# How to Implement Streaming Responses with Real-Time Agent Updates in the Microsoft Agent Framework

> Learn to implement streaming responses and real-time agent updates with the Microsoft Agent Framework. Discover its three-layer architecture for efficient AI content delivery.

- Repository: [Microsoft/agent-framework](https://github.com/microsoft/agent-framework)
- Tags: how-to-guide
- Published: 2026-04-05

---

**The Microsoft Agent Framework enables real-time streaming of AI-generated content through a three-layer architecture comprising HTTP transport, event conversion, and client orchestration, allowing applications to receive tokens, tool calls, and state updates as soon as they are produced.**

The Microsoft Agent Framework provides native support for streaming AI-generated content, enabling clients to consume partial results incrementally rather than waiting for complete responses. This capability is essential for building responsive applications that display real-time agent updates, tool execution status, and intermediate reasoning. By leveraging the framework's `AGUIChatClient` and `ResponseStream` classes according to the microsoft/agent-framework source code, developers can implement production-grade streaming with minimal boilerplate.

## Architecture Overview

The streaming implementation rests on three tightly integrated layers that work together to deliver real-time updates from server to client.

### HTTP Transport Layer

The **HTTP Transport Layer** delivers continuous event streams from the server to the client using Server-Sent Events (SSE). In [`python/packages/ag-ui/agent_framework_ag_ui/_http_service.py`](https://github.com/microsoft/agent-framework/blob/main/python/packages/ag-ui/agent_framework_ag_ui/_http_service.py), the `AGUIHttpService` class manages low-level async HTTP requests through its `post_run` method, which returns an async generator yielding raw server events.

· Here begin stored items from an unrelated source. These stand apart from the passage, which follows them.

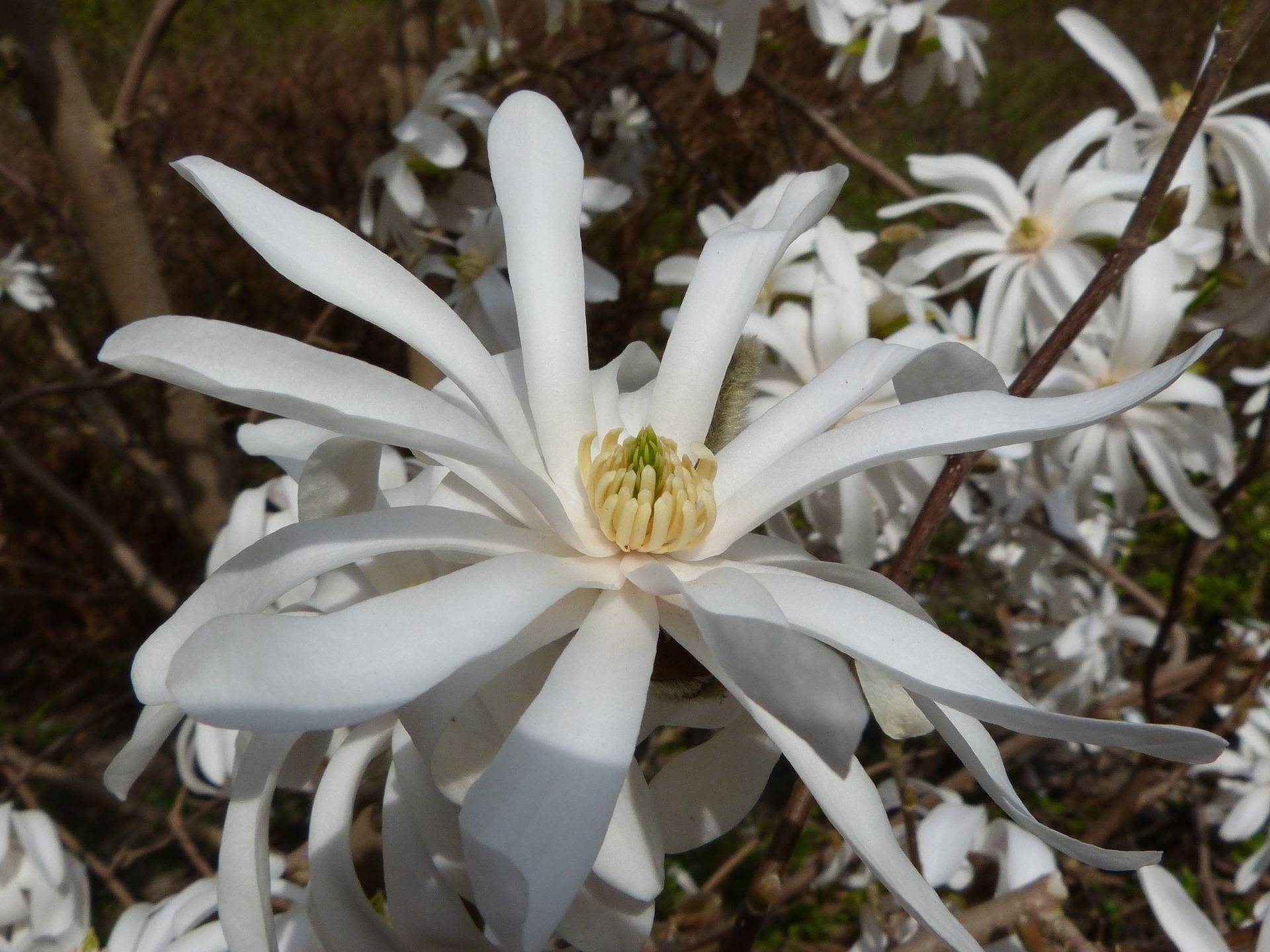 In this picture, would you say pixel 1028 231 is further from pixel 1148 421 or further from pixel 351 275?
pixel 351 275

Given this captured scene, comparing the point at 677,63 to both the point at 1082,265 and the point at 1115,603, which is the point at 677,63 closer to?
the point at 1082,265

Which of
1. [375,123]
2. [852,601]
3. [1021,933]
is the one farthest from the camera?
[375,123]

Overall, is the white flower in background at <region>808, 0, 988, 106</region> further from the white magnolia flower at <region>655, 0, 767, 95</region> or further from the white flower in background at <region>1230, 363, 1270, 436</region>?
the white flower in background at <region>1230, 363, 1270, 436</region>

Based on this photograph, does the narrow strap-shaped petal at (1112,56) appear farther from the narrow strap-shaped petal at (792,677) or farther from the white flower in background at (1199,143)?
the narrow strap-shaped petal at (792,677)

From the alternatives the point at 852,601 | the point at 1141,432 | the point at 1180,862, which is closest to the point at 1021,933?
the point at 852,601

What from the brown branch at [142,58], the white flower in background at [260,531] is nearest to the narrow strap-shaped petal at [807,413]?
the white flower in background at [260,531] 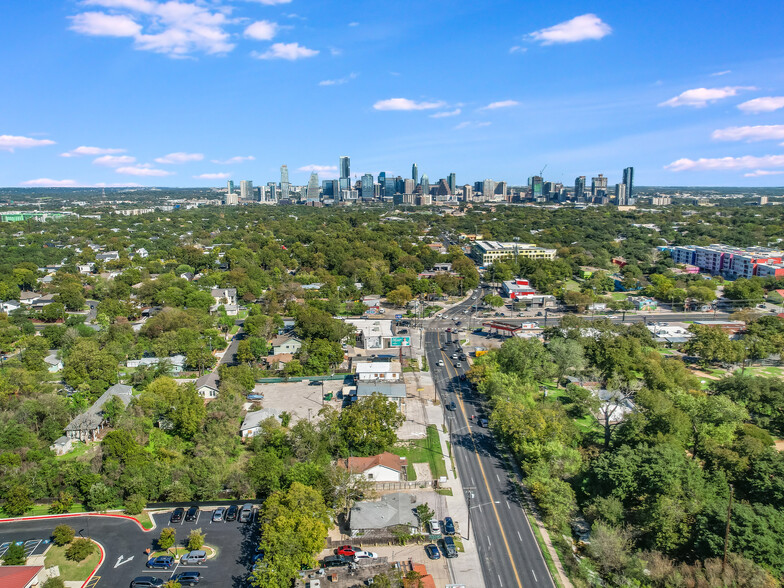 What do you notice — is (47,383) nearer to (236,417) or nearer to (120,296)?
(236,417)

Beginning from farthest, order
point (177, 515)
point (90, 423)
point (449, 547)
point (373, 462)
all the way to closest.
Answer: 1. point (90, 423)
2. point (373, 462)
3. point (177, 515)
4. point (449, 547)

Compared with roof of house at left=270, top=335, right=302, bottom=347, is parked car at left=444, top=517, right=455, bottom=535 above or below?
below

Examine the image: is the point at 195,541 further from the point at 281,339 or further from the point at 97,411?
the point at 281,339

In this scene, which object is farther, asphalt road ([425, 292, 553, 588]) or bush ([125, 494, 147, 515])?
bush ([125, 494, 147, 515])

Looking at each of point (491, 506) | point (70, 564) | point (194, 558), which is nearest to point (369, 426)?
point (491, 506)

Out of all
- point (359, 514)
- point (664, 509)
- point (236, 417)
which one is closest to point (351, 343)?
point (236, 417)

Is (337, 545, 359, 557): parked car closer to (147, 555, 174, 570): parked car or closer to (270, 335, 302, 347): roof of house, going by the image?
(147, 555, 174, 570): parked car

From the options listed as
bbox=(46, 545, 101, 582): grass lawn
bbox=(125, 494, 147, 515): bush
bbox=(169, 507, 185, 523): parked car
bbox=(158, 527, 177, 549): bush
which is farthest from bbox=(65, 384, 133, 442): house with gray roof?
bbox=(158, 527, 177, 549): bush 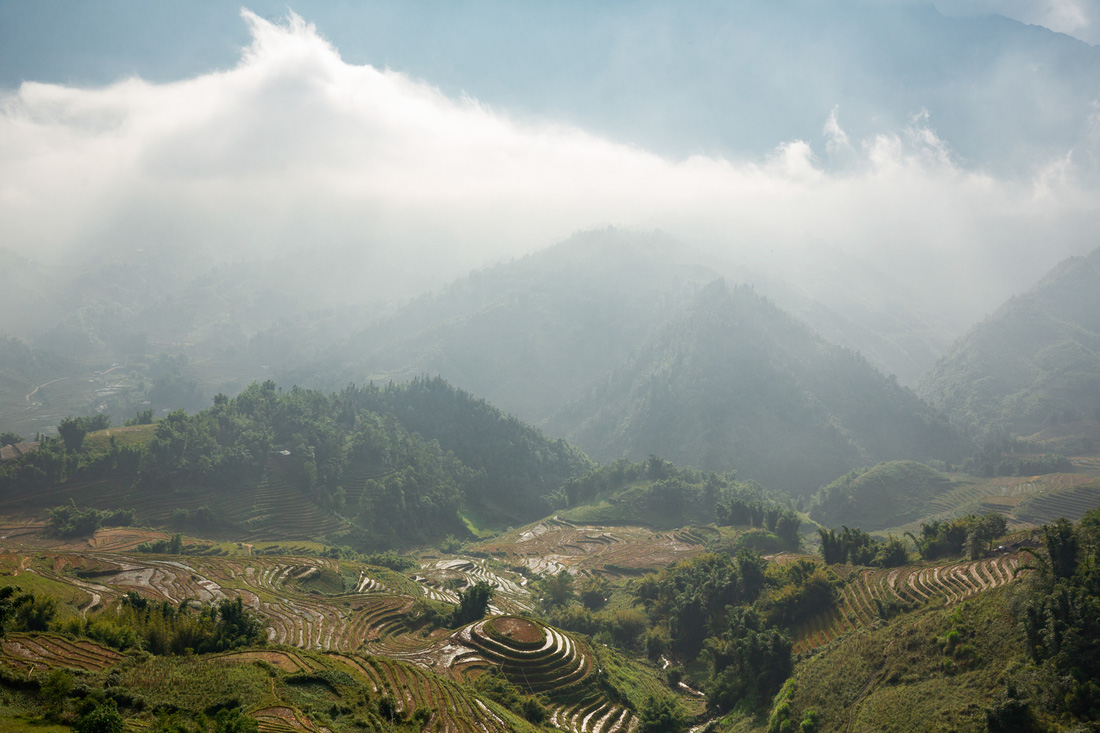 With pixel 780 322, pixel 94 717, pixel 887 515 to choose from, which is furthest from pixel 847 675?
pixel 780 322

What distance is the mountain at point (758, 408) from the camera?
131875 mm

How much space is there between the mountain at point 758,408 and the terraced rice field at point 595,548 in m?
57.9

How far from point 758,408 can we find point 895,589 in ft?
357

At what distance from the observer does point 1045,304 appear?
194 meters

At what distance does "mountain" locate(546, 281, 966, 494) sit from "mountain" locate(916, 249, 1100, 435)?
3237cm

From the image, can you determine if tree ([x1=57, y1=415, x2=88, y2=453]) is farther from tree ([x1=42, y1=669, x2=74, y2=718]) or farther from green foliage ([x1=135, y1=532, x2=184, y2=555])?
tree ([x1=42, y1=669, x2=74, y2=718])

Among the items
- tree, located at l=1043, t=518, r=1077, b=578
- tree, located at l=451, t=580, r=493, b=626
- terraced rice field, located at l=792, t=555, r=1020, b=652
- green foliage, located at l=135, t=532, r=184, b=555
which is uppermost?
tree, located at l=1043, t=518, r=1077, b=578

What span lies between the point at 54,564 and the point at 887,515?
109m

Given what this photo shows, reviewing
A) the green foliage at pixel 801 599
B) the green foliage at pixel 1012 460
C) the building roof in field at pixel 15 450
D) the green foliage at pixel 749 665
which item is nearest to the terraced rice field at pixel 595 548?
the green foliage at pixel 801 599

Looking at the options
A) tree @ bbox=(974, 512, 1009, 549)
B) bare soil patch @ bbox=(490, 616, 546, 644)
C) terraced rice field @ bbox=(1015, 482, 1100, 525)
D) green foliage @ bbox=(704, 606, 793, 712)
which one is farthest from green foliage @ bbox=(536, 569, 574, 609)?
terraced rice field @ bbox=(1015, 482, 1100, 525)

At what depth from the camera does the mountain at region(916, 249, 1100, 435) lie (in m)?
150

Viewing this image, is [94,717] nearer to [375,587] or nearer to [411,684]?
[411,684]

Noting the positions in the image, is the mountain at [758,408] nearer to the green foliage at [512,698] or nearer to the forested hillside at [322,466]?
the forested hillside at [322,466]

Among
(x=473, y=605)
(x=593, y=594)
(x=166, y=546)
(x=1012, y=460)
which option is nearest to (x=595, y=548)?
(x=593, y=594) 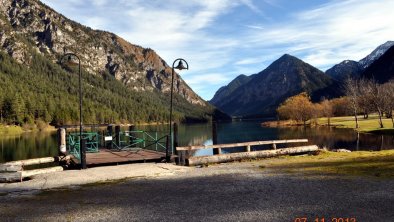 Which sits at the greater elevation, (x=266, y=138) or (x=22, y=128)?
(x=22, y=128)

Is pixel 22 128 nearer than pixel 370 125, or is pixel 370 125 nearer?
pixel 370 125

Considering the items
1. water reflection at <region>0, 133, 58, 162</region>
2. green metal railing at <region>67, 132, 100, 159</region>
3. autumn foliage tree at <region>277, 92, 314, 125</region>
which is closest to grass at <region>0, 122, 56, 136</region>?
water reflection at <region>0, 133, 58, 162</region>

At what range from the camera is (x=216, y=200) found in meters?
13.5

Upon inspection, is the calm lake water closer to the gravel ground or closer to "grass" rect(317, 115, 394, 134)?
"grass" rect(317, 115, 394, 134)

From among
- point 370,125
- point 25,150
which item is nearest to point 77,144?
point 25,150

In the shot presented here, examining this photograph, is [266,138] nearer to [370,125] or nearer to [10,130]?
[370,125]

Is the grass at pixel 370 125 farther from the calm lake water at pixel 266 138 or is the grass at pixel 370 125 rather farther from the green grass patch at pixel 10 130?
the green grass patch at pixel 10 130

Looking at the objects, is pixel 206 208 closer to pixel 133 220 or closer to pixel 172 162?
pixel 133 220

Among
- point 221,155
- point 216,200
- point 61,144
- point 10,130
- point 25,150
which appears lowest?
point 25,150

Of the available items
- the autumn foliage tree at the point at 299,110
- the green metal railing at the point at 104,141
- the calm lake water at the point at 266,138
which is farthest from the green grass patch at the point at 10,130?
the autumn foliage tree at the point at 299,110

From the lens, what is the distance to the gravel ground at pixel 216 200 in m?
11.4

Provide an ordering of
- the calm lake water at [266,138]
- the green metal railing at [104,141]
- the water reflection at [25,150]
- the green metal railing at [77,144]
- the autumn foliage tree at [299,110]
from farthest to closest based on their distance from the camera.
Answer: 1. the autumn foliage tree at [299,110]
2. the calm lake water at [266,138]
3. the water reflection at [25,150]
4. the green metal railing at [104,141]
5. the green metal railing at [77,144]

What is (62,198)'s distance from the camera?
48.7 ft

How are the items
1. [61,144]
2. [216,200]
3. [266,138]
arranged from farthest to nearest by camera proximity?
[266,138] < [61,144] < [216,200] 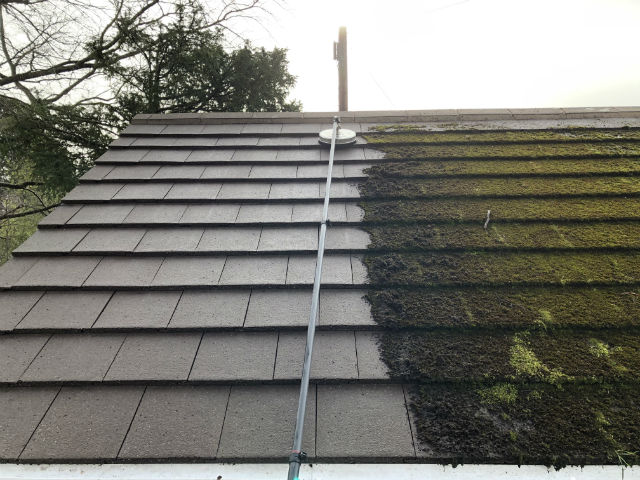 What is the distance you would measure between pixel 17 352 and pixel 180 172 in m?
2.04

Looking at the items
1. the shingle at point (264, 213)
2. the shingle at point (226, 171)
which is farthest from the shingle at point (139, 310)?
the shingle at point (226, 171)

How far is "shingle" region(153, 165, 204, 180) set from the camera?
348 cm

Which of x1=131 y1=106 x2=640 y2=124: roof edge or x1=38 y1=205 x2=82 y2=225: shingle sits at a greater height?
x1=131 y1=106 x2=640 y2=124: roof edge

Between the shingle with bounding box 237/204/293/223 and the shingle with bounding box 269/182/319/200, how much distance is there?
0.13 m

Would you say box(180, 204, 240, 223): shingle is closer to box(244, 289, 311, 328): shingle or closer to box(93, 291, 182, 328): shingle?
box(93, 291, 182, 328): shingle

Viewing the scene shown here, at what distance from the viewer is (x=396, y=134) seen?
4125 mm

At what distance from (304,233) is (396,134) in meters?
2.02

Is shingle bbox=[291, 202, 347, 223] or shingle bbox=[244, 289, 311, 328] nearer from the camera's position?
shingle bbox=[244, 289, 311, 328]

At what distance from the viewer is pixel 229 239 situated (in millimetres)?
2770

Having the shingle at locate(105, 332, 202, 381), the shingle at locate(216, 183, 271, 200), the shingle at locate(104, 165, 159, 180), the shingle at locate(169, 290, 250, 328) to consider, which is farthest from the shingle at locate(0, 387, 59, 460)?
the shingle at locate(104, 165, 159, 180)

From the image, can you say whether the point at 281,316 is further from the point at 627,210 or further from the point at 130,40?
the point at 130,40

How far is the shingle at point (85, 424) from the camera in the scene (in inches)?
62.8

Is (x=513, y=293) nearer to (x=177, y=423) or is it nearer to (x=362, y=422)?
(x=362, y=422)

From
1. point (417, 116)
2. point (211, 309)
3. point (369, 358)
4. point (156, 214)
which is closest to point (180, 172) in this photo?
point (156, 214) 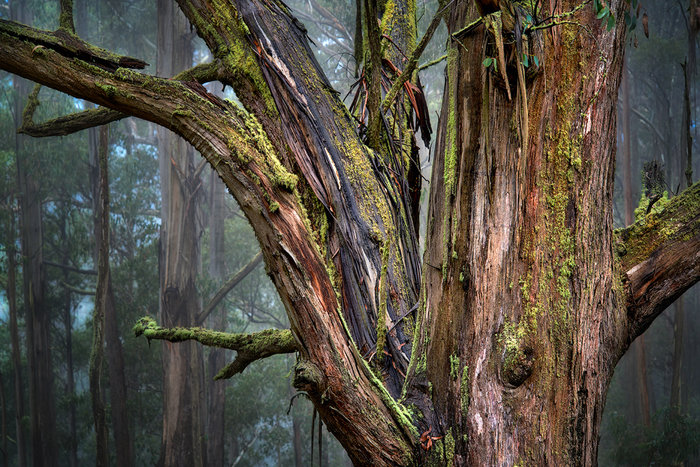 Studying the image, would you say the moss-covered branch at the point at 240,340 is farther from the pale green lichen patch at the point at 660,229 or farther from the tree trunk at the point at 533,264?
the pale green lichen patch at the point at 660,229

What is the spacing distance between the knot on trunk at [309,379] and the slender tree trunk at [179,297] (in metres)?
7.34

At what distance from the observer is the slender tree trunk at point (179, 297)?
8.26 metres

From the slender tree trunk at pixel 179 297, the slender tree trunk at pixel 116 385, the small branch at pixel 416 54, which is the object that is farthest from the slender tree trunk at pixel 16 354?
the small branch at pixel 416 54

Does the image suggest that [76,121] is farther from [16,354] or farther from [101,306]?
[16,354]

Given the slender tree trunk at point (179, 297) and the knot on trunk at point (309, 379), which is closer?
the knot on trunk at point (309, 379)

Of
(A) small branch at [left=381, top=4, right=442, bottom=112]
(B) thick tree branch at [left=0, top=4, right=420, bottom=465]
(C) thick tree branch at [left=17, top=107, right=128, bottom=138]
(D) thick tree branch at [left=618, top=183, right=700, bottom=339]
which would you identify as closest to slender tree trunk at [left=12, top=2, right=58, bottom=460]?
(C) thick tree branch at [left=17, top=107, right=128, bottom=138]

Server implementations include:

- **Azure Functions**: The `/api/agent/stream/{thread_id}` endpoint returns `text/event-stream` content types
- **FastMCP**: The [`local_mcp_streamable_http_server.py`](https://github.com/microsoft/agent-framework/blob/main/local_mcp_streamable_http_server.py) script exposes streamable HTTP endpoints for local development

### Event Conversion Layer

The **Event Conversion Layer** transforms raw server-side JSON events into strongly-typed framework objects. The `AGUIEventConverter` class in [`python/packages/ag-ui/agent_framework_ag_ui/_event_converters.py`](https://github.com/microsoft/agent-framework/blob/main/python/packages/ag-ui/agent_framework_ag_ui/_event_converters.py) parses each SSE event and maps its `type` field to specific `ChatResponseUpdate` subclasses including `MessageStartUpdate`, `MessageContentUpdate`, `ToolCallStartUpdate`, `ToolCallEndUpdate`, and `StateSnapshotUpdate`.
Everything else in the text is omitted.